NSA wiretapping unconstitutional

NSA wiretapping unconstitutional

Summary: Federal judge orders immediate halt to NSA's warrantless wiretapping program, ruling that it violates First and Fourth Amendments.

TOPICS: Government, Legal

Federal judge Anna Diggs Taylor ruled that the NSA wiretapping program violates the Constitution and ordered it to be stopped immediately. In a 44-page decision (PDF), the judge concluded: "Plaintiffs have prevailed, and the public interest is clear, in this matter. It is the upholding of our Constitution."

News.com reports that the Justice Department immediately signaled an appeal and requested a stay of the judge's order until the appeal is complete. The parties agreed to a stay until a Sept. 7 hearing.

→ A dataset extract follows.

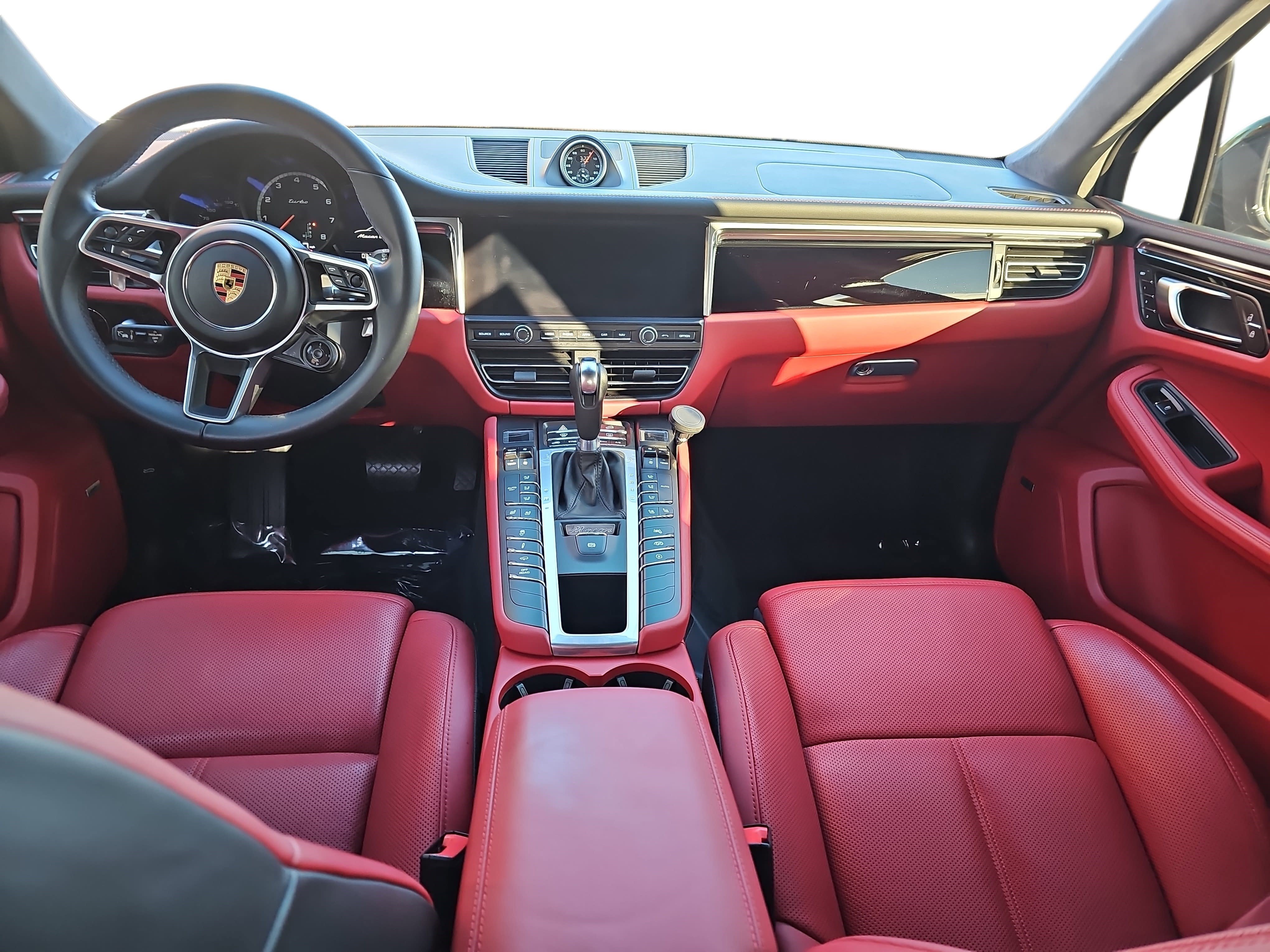 Used 2021 Porsche Macan Turbo image 9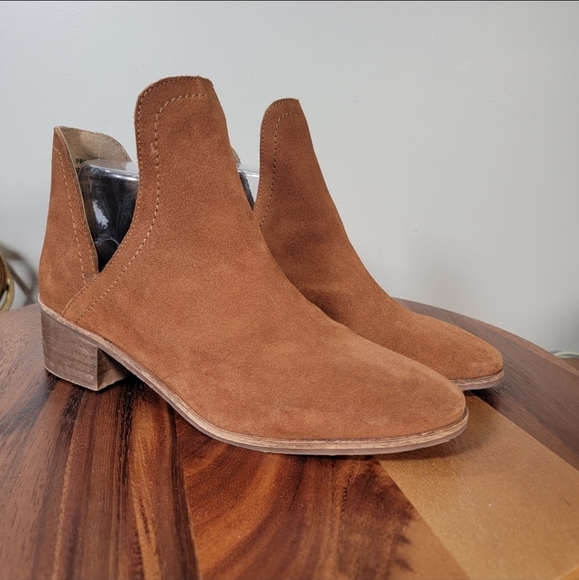 Coconuts By Matisse Pronto Brown Suede Ankle Boots Size 8.5 Slip On Notched Side - Picture 10 of 17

A key issue in the government's argument was the "inherent powers" of the president, which at least in this decision got a solid thrashing.

The Government appears to argue here that, pursuant to the penumbra of Constitutional language in Article II, and particularly because the President is designated Commander in Chief of the Army and Navy, he has been granted the inherent power to violate not only the laws of the Congress but the First and Fourth Amendments of the Constitution, itself.

We must first note that the Office of the Chief Executive has itself been created, with its powers, by the Constitution. There are no hereditary Kings in America and no powers not created by the Constitution. So all “inherent powers” must derive from that Constitution.

Citing the Hamdi decision, Judge Taylor wrote "We have seen in Hamdi that the Fifth Amendment of the United States Constitution is fully applicable to the Executive branch’s actions and therefore it can only follow that the First and Fourth Amendments must be applicable as well.51 In the Youngstown case the same “inherent powers” argument was raised and the Court noted that the President had been created Commander in Chief of only the military, and not of all the people, even in time of war."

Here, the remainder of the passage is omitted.